From: Greg Rose on 15 Jun 2010 21:13 In article <72ab07e1-93f9-4e02-9d08-0555e177f5b3(a)y11g2000yqm.googlegroups.com>, Maaartin <grajcar1(a)seznam.cz> wrote: >Does everybody agree? Don't know about everyone, but I do. Greg. --
From: Paul Rubin on 15 Jun 2010 21:43 Maaartin <grajcar1(a)seznam.cz> writes: > - Using H(x) = x ^ aes(k, x) for a fixed known k is a secure hash as > long as aes is secure. ... > Does everybody agree? I don't understand Francois Grieu's random oracle proof well enough to say I'm convinced by it. That doesn't mean I think it's wrong, but I have reservations about it. I don't see how any results about random oracles applies when the key is known. It's not an oracle at all, since the cipher's complete internal state is available through every step of the algorithm. But, I haven't studied the theory of such proofs (I've been wanting to). I certainly don't see any obvious breaks against the scheme. It's kind of hackish but probably ok for some limited-deployment application where speed is a big concern. If you're doing a big deployment, you're probably better off sticking to standards.

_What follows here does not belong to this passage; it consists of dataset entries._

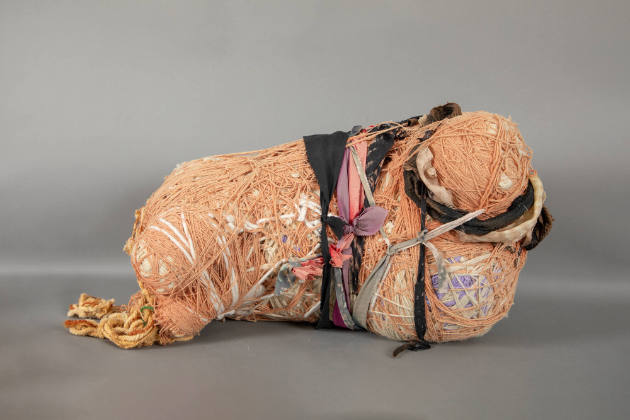 Judith Scott, “Untitled”, Oakland, California, n.d., Fiber and found objects, 13 x 24 1/2 x 12 …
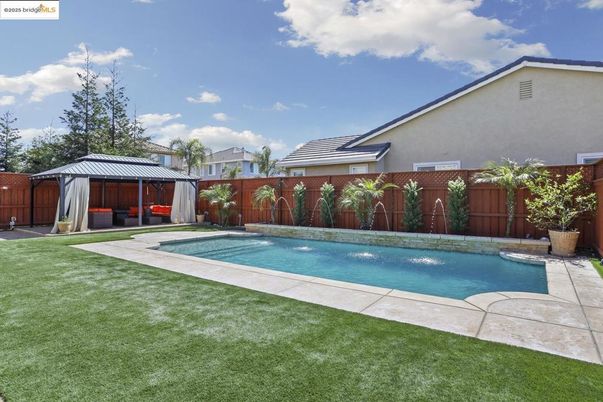 Backyard, Exterior, Pool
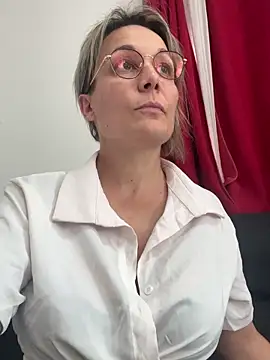Snapshot of marinella07 chatting on 10-22-25, 11:10 marinella07 online show from 10-22-25, 11:10
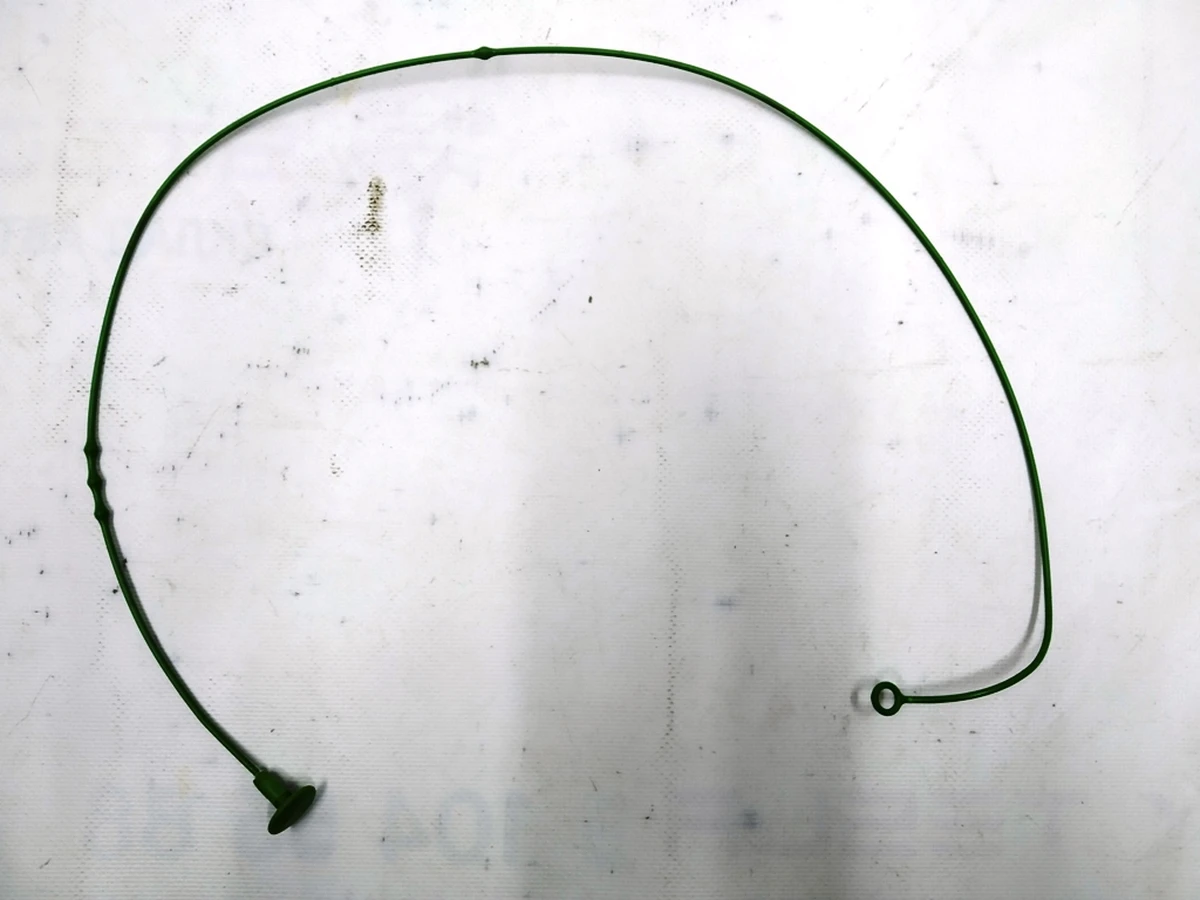 Тросик аварийного открытия механизма заливной горловины BMW i3 51257016702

From: Mok-Kong Shen on 16 Jun 2010 03:06
Maaartin wrote: > - Using H(x) = x ^ aes(k, x) for a fixed known k is a secure hash as > long as aes is secure. > > - It's the same as the first step in the Matyas-Meyer-Oseas schema > (used e.g. in Skein), where k is the chaining value (i.e., IV in the > first step) and x is the new block to be hashed. > > - It's probably faster then md5(x) and there's no reason to believe > it's less secure. I don't have sufficient knowledge to follow much of discussions in this thread but have a couple of questions out of curiosity: (1) How about the other scheme in your original post, namely x^aes(x,x)? (2) How about aes(aes(k,x),x), aes(x,aes(k,x)), etc.? M. K. Shen |